Well, certainly, yes. We have a very large acreage footprint in Anadarko, and I have high expectations that among that footprint, yes, there will be opportunities of other landing zones or other intervals that might lead to much better returns, then say why we originally leased it, but let's face it. A lot of acreage was acquired and then drilled at a time where natural gas prices were much higher. So that essentially established that footprint for us. And as we've said in the past, all of that acreage is held by production. So we had the luxury of digging in, understanding the overall stratigraphic column and then, as Tom alluded, looking for those intervals that clearly have the kind of hydrocarbon mix, which in this case means oil, that with the right kind of drill and complete cost could lead to returns that could be competitive with our Permian program. As far as could this lead to M&A, I don't know. I mean, obviously, that's an option. But first and foremost, we have to ourself be convinced that, a, we have found a zone that will compete for capital on ongoing basis, which means there must be size there, it must be sustainable. And in that scenario, then, yes, I think we would then see what other opportunities might be out there that could complement that, that's above and beyond our existing acreage footprint.

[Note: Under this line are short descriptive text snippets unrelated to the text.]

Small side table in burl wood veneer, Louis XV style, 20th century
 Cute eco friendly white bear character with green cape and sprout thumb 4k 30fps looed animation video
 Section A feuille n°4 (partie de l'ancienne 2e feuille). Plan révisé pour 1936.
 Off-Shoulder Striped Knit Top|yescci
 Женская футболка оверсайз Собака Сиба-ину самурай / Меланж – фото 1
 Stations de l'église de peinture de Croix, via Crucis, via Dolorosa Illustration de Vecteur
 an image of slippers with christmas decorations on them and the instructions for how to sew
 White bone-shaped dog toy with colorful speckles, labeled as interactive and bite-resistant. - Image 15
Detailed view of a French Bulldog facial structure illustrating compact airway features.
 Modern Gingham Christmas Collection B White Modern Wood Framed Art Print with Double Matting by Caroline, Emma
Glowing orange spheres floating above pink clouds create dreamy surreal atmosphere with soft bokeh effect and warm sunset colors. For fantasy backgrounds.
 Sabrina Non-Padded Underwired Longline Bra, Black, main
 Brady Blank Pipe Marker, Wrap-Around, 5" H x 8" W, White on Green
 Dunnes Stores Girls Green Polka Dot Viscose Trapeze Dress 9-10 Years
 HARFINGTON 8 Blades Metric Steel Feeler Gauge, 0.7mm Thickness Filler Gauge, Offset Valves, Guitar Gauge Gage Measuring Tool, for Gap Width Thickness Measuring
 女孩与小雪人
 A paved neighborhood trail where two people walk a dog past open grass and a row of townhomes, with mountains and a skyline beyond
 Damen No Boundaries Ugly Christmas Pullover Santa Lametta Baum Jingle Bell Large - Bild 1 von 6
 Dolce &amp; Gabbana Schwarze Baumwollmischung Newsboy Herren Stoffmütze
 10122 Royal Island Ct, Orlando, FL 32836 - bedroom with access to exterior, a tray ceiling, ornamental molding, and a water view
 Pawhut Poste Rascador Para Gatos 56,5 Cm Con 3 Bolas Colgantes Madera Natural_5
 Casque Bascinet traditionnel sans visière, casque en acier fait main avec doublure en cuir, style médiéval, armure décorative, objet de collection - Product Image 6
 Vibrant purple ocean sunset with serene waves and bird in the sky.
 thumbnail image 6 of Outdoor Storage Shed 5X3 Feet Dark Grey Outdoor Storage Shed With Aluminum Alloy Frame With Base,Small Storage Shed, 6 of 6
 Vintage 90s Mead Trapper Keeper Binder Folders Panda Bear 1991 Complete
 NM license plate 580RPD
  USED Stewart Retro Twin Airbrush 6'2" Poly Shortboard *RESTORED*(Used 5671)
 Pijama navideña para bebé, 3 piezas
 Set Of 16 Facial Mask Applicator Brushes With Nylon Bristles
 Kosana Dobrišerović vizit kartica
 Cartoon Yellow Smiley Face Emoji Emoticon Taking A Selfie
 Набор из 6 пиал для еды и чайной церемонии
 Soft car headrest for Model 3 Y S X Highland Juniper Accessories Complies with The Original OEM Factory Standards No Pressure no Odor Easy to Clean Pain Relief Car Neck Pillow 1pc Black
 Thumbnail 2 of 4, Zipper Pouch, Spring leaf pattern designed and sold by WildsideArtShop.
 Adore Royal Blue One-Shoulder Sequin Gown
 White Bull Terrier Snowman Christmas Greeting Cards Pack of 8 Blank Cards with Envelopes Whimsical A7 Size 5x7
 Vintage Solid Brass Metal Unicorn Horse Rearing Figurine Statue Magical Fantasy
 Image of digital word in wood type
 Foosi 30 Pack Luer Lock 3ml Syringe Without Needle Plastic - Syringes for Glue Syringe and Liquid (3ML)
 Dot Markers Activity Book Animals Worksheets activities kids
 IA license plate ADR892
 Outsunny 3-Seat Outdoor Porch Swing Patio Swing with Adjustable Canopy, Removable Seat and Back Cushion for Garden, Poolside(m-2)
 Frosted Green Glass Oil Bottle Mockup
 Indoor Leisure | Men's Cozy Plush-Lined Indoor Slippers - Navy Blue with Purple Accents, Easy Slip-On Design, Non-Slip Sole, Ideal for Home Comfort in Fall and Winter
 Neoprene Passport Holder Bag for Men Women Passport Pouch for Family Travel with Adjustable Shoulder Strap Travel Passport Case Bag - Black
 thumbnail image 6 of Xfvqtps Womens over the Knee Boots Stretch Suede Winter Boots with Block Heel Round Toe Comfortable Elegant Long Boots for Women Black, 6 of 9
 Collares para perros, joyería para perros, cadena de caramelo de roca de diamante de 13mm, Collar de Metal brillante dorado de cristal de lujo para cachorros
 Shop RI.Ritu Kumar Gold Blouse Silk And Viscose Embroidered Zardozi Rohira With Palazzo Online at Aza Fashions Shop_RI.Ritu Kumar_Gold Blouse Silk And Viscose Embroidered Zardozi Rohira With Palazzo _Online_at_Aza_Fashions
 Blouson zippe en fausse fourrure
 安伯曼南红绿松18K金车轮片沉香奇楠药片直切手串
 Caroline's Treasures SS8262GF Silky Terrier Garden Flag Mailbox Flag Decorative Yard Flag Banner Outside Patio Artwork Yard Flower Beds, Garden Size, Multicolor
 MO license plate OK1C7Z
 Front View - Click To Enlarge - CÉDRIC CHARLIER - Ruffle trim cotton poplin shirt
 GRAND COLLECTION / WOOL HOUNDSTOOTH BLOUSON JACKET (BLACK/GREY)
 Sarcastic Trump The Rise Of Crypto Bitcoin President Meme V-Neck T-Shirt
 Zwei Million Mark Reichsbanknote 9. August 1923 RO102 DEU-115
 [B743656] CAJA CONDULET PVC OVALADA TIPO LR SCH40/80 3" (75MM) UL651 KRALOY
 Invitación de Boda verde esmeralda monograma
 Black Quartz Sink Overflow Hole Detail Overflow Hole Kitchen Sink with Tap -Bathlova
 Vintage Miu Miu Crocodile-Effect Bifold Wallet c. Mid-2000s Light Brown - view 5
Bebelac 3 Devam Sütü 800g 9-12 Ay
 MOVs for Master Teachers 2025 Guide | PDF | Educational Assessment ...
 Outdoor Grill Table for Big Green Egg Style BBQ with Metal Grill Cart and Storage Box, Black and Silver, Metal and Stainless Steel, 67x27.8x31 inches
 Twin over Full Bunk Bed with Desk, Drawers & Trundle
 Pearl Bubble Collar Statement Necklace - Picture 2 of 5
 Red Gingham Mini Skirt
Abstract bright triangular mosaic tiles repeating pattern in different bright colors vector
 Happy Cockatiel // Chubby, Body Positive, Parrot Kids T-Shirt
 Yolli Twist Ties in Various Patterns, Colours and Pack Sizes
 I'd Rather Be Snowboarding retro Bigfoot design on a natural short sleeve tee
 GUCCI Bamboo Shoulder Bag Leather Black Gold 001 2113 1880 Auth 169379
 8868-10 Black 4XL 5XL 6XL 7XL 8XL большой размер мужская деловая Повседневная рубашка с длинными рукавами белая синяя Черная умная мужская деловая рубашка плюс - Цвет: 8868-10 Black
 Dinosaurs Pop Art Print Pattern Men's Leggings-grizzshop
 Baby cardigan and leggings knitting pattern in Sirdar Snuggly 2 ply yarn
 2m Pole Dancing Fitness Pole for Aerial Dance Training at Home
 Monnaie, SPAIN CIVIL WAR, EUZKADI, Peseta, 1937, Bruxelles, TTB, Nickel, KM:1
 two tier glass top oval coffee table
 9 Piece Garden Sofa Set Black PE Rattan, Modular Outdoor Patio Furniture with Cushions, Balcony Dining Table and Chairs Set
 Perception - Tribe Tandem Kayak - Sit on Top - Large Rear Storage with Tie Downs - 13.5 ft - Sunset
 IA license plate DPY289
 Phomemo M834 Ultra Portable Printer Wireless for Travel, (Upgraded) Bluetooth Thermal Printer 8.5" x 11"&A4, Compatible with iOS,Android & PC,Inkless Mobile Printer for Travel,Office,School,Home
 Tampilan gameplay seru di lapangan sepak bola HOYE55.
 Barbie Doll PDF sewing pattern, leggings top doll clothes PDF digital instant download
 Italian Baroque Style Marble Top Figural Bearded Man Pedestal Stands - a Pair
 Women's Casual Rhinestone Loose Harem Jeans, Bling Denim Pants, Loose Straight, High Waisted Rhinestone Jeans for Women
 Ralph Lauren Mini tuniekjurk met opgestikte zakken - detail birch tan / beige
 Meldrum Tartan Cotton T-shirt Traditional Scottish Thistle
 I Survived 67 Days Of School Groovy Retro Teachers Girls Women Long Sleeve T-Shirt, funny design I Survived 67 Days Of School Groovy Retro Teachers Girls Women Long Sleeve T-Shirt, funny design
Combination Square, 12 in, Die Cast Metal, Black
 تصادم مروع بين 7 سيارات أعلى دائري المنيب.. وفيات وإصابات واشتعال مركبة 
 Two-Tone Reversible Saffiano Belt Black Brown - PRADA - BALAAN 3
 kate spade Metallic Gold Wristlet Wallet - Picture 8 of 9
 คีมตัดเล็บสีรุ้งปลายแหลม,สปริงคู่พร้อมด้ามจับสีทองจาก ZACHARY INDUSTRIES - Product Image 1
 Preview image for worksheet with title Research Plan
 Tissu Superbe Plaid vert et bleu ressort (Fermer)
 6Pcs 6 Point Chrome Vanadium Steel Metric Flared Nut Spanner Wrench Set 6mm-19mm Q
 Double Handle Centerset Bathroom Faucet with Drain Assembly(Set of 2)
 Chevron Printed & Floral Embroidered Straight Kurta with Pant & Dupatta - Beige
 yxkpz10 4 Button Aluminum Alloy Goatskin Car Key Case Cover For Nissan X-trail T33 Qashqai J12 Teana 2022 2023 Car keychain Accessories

Jeffrey Campbell -- Tuohy Brothers Investment -- Analyst

Okay. Great. Appreciate the color, and we will see you in New York on Thursday. Thank you.

Operator

The next question is from Michael Hall with Heikkinen Energy Advisors. Please go ahead.

Michael Hall -- Heikkinen Energy Advisors -- Analyst

Thanks, Good morning. I appreciate the time. I just wanted to think about or look at capital efficiency a little bit. If I look at your year-to-date oil volumes and then third quarter guide, kind of indicate the fourth quarter oil midpoint around 89 MBOE a day, which show us basically flat to maybe a hair down relative to 4Q '18 pro forma for the Resolute deal. Is that a fair way to think about? Then if we look at the 2019 capital, is it fair to think about 2019 capital as basically kind of a maintenance level for your oil volumes at this point or let's say there are kind of transitory factors that maybe suggest that's an inappropriate way of looking at capital efficiency at this point?

Mark Burford -- Vice President and Chief Financial Officer

Yes, Michael, there's a lot of ways to look at capital efficiency. And if you look at the capital, the pro forma capital along with pro forma cap from Resolute and Cimarex for the quarter, both are ramping significantly into the fourth quarter, both had a very high exit rate in the fourth quarter accomplishes that year. That definitely has an overplay on how you'd look at relative fourth quarter to fourth quarter rates. And the maintenance capital with Resolute and us combined, trying to maintain a flat fourth quarter to fourth quarter. I guess, we are -- our capital on a pro forma basis is down significantly year-over-year as we balance our capital plans with our cash flow into 2019. So I guess so if you'd want to argue that with adjustments in our capital by holding our capital or production roughly flat, then that's maintenance capital, I wouldn't maybe dispute you on that.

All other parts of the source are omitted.